This charcoal sketch came next. Obviously I was starting to hone in one the trees and the way they create a unique vertical punctuation on the side of steep mountains that form a series of interlacing triangles.
This gouache study followed later the same morning. It crops into the scene in the charcoal drawing to emphasize the trees -- are they cedars or cypresses? -- and adds some minimalistic color. The rocks from the ruin in the foreground are present, but downplayed. I liked this sketch a lot and felt it showed a new direction that could go toward either a print or a painting. That was confirmed when I posted it on Instagram and got an immediate direct message from a friend whose instincts I trust: " I love this." I replied: "It's so...nothing...and yet..." and he responded, "It's all there." Then I asked myself, OK, if "it's all there" -- WHAT have I put there? Old rocks, cedars, mountains, sky. Simple shapes. And what about these non-colors? Why do they work? Because they are harmonious. But in order to figure that out, I had to deviate some more.
Next I used watercolor on rough Arches paper. The full sheet is above, and a cropped detail below that I think is the "real" picture and contains most of what I was aiming for.
I love the saturated color and the freedom of the brushstrokes, for themselves, but the result is pretty unreal for this context.
Delphi, I was beginning to understand, was in a spectacular setting on the side of Mount Parnassus, but its overall feeling was very quiet and "inner." That came across better in monochrome or subdued colors, which I used in the next iteration, the gouache above. I was also getting interested in the shapes on the sides of the mountains.
That was followed by another watercolor. I like it, but felt both of these were too pretty and didn't say much beyond that. The full view kept looking like a postcard.
Then I did another bright watercolor, above, from memory, simplifying and stylizing the shapes. This one seems to have possibilities too. Historically, the monuments here would have been painted in bright primary colors - we tend to forget that. A friend who is Greek wrote to me that she liked it a lot: "Beautiful, those light lines on the cypresses. And the expressive colors feel more apt in uniting the landscape with its wild, somewhat extravagant past than the usual soft watercolors which mainly just point out the natural beauty of the Mediterranean landscape."
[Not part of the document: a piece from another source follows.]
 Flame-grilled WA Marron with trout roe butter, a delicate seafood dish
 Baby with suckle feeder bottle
Finally, last night, I did a brush drawing in ink and indigo watercolor, also from memory. The single, rather Munch-like tree, standing alone, comes perhaps closest so far to my feelings about the place. I also return to that early gouache, and can see better why it works. I'm getting closer, but I'm not finished yet.
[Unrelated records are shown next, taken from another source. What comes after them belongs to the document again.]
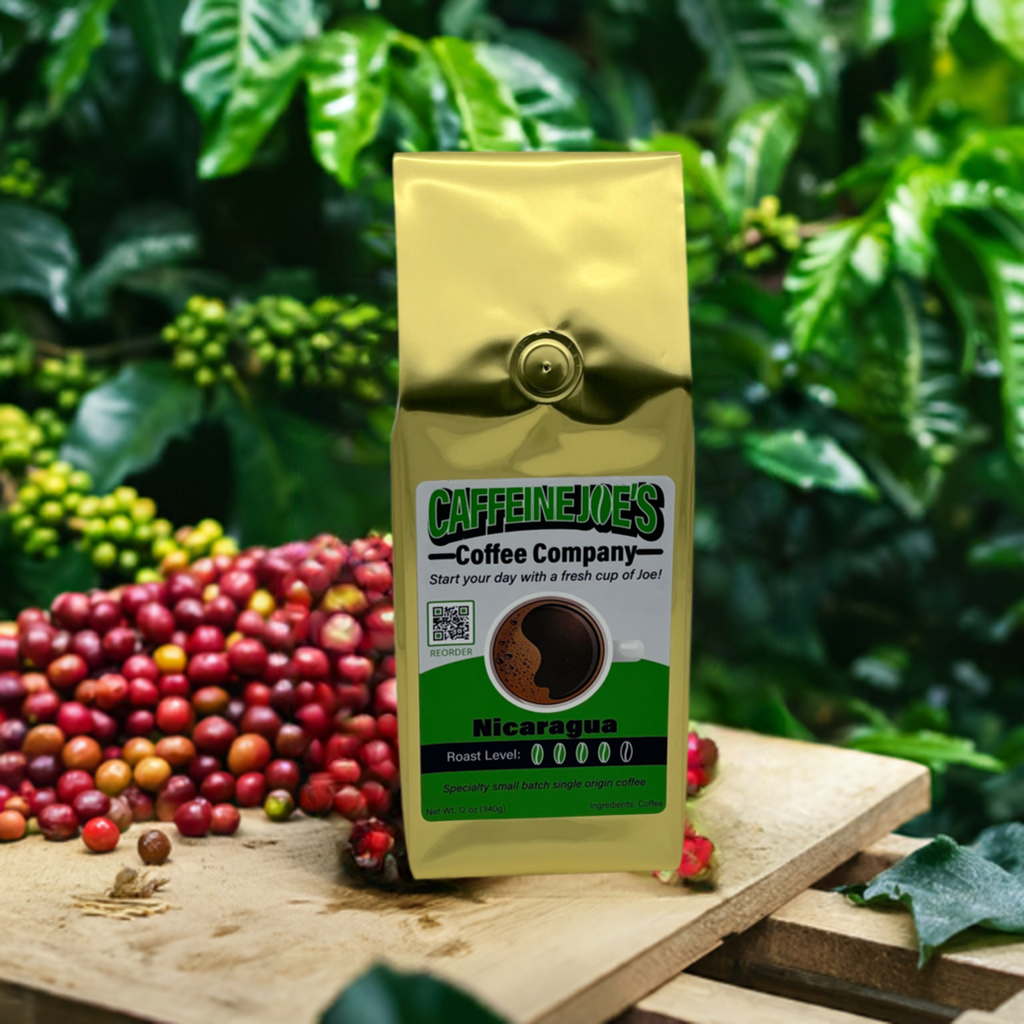 Bag of Nicaragua coffee from Caffeine Joe's Coffee Company with a label featuring coffee beans and lush tropical scenery.
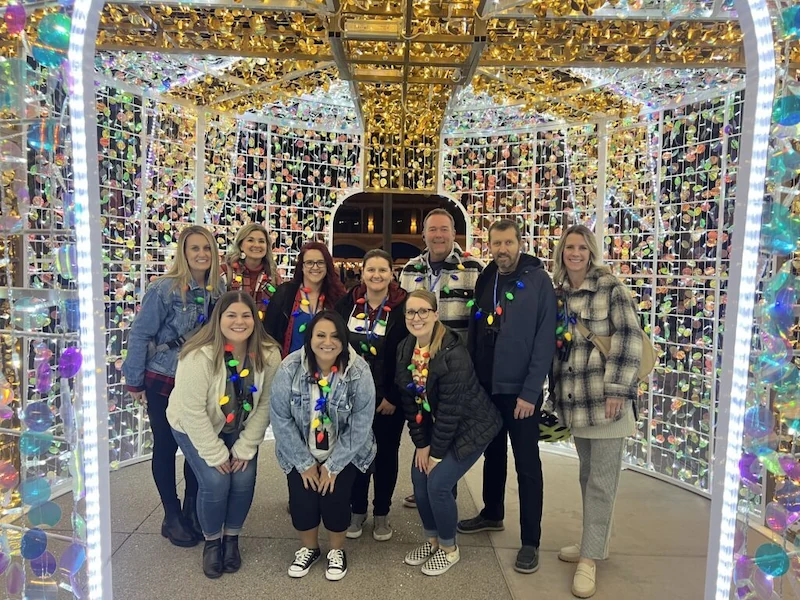 Group of ten people smiling and posing inside a brightly lit festive structure decorated with multicolored lights and gold ornaments.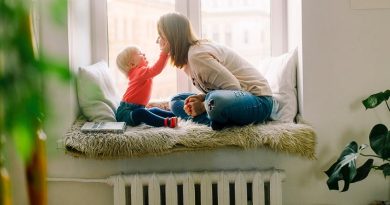 Mother and Child in Window Seat - Make Your Home Safer
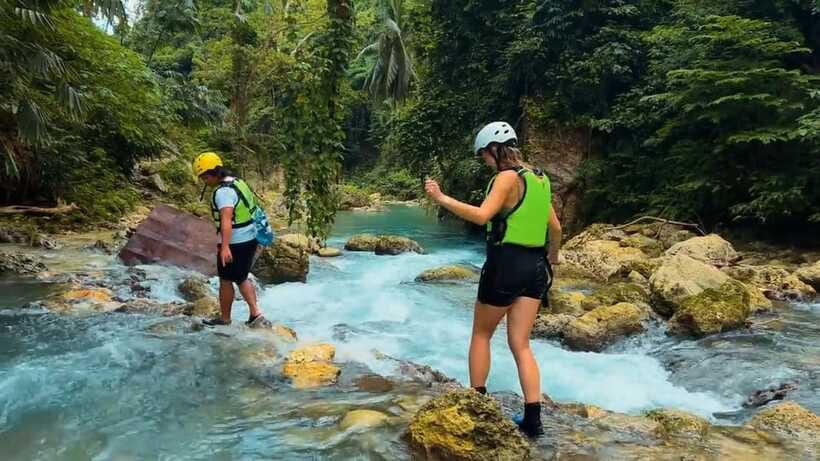 Cebu: Kawasan Falls Canyoneering Tour with Ziplining & Lunch - Ambak Base Camp lunch with a sea view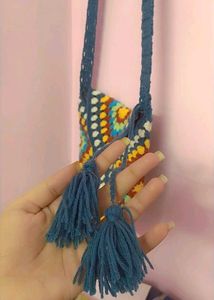 beautiful adjustable crochet sling.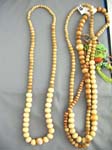 Ivory colored sculpted wood beads on ladies island necklace  from international resort wear collection wholesaler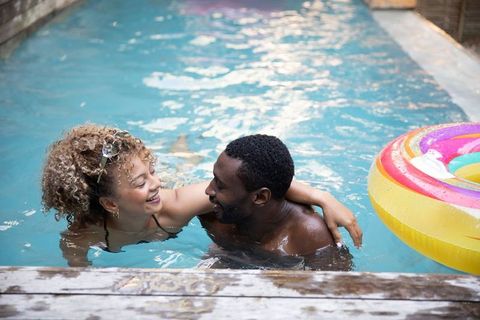 Diverse couple relaxing in pool embracing at wood edge with colorful donut float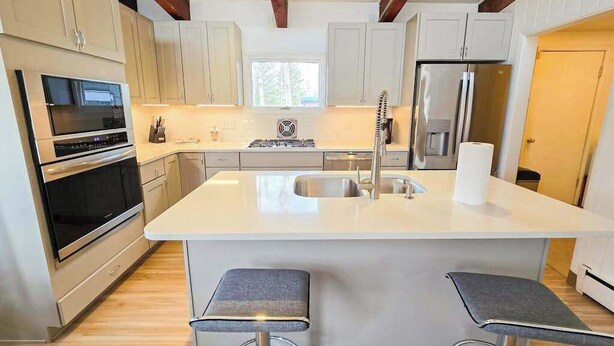 Een moderne keuken met witte kastjes, een centraal eiland met een spoelbak, een fornuis en een koelkast. Er staan twee barkrukken bij het eiland.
What's made the greatest impression on me is the Greek sense of place -- they had an unerring ability to choose particular sites for their cities, and within them, for their temples, theatres, meeting places, dwellings and tombs. I've only understood this by being in those places myself; you simply can't feel that from books or slideshows in art history classrooms. When you are actually there, you see why they chose a particular site: regardless of the centuries that have passed, usually you can still see the view that they saw, feel the wind off the ocean or glimpse the water or a mountain in the distance; you have a sense of what they felt was special or sacred in that place. This uncanny ability to sense what is special about a place, and use it for its full effect, seems equal to me to their architectural skill, or mastery of balance and harmony.
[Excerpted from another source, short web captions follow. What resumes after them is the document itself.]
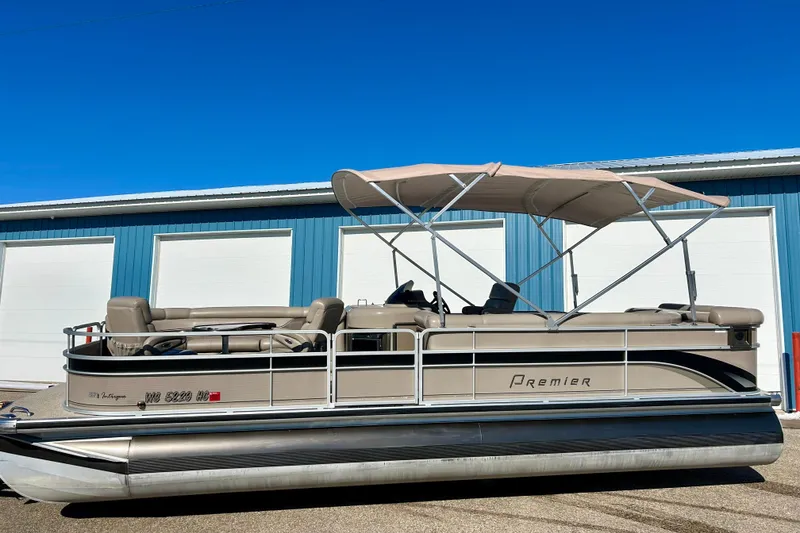 Slide: The Image of 2007 Premier 250 Intrigue pontoon boat with canopy, parked near blue building. - 3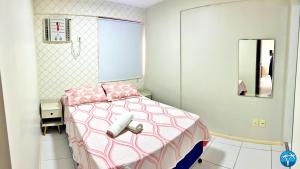 a small bedroom with a pink bed and a mirror at Vacanze - Barão de Mauá in Maceió +25 photos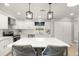 Bright and modern kitchen with a large island, stainless steel appliances, and ample counter space at 101 Sweetwater Oaks Ln, Daytona Beach, FL 32114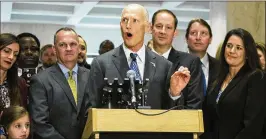  ?? MARK WALLHEISER / ASSOCIATED PRESS ?? Florida Gov. Rick Scott speaks after the end of the legislativ­e session Sunday at the state Capitol in Tallahasse­e as House Speaker Richard Corcoran (left) and Senate President Joe Negron look on.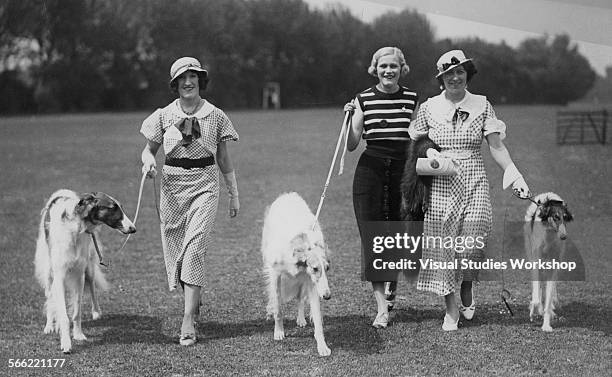 Organized by the Big Breeders Society, Big Dog Day was held in the gardens of Ranelagh, where three exhibitors posed with their Borzoi entries,...
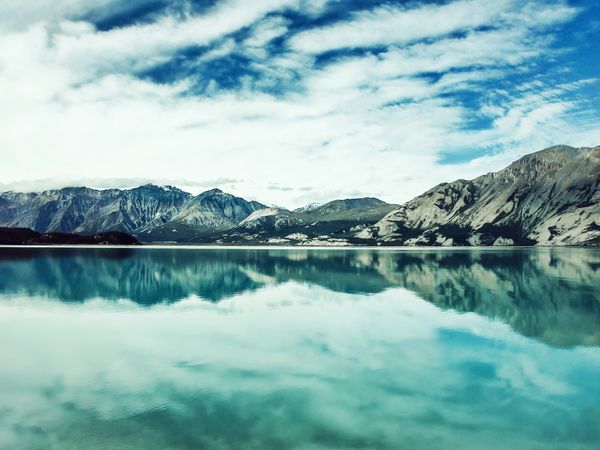 A serene landscape featuring mountains, a lake, and a clear blue sky, ideal for relaxation and nature appreciation.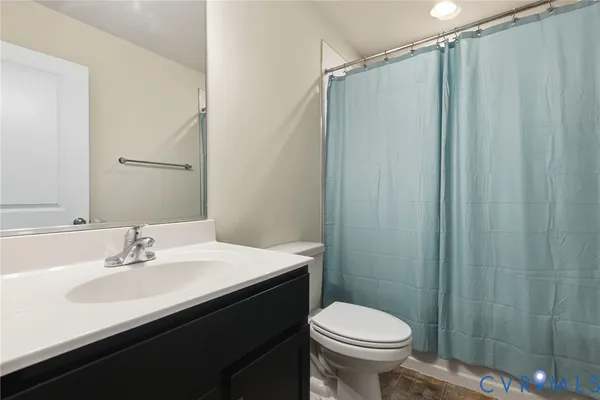 a bathroom with a sink a toilet a mirror and shower curtain
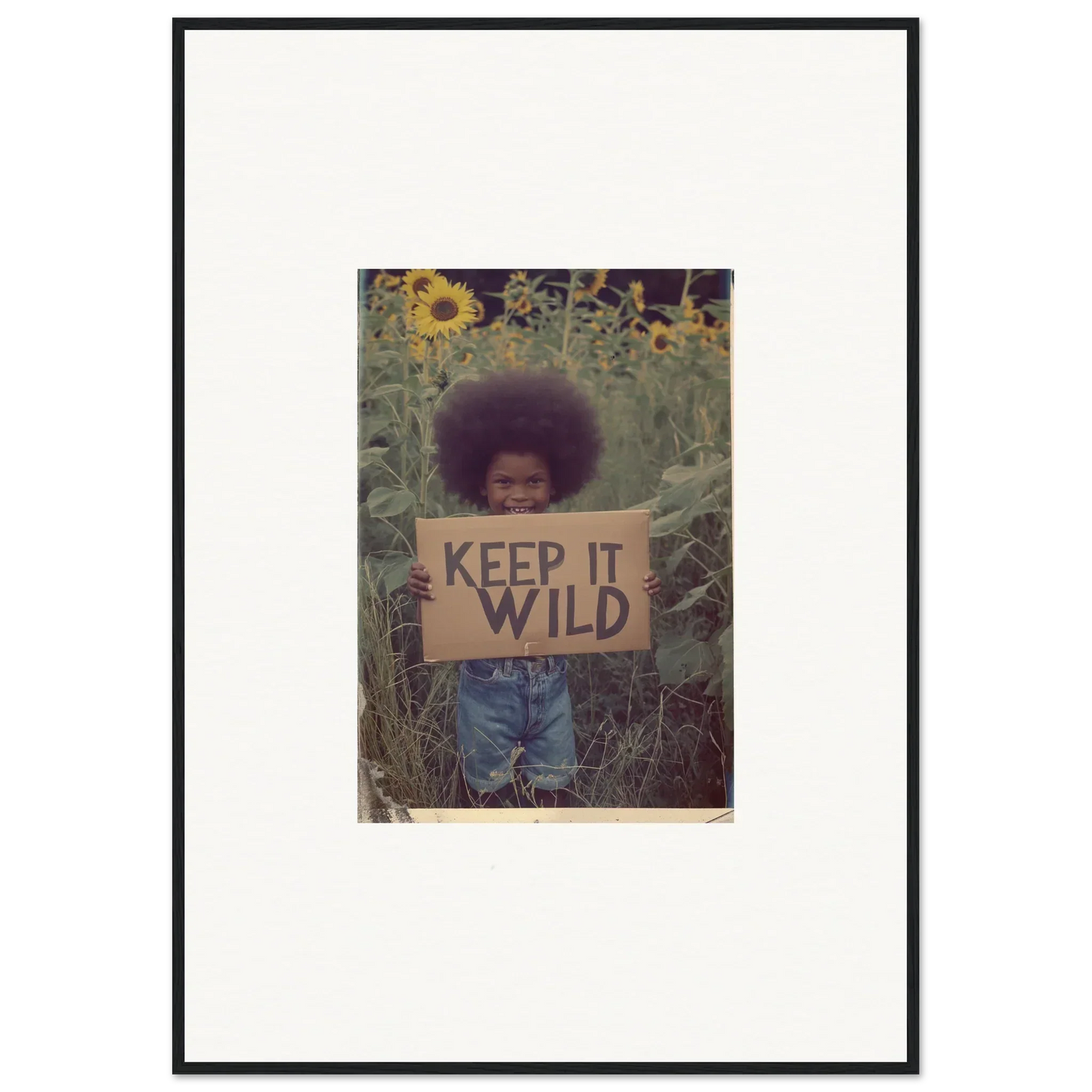 Framed photo of a person with a KEEP IT WILD sign, perfect for room decoration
For the Greeks, Delphi was the center of the universe. Kings traveled in person from all the city-states, including the islands, to consult the Pythia, the Delphic oracle in the temple, and they built treasuries on the side of the hill to house part of the spoils won in battle, as a gift to the gods. Mount Parnassus is remote, and far from the sea; at 2,457 m (8,061 ft) it is one of the highest mountains in Greece, sacred to Apollo and Dionysus, and it was also the home of the Muses, who inspired poetry, art, and dance. Delphi is located far up on its slopes. It was a real journey for us to get there, in a modern car, on winding mountain roads. I can hardly imagine what it took for ancient people to make that journey and arduous climb; clearly it was of vital spiritual and political importance to them.
Oracle of Delphi: King Aigeus in front of the Pythia. 440-430 BC, drinking cup, Attic red-figure, Kodros Painter. (Berlin, Altes Museum)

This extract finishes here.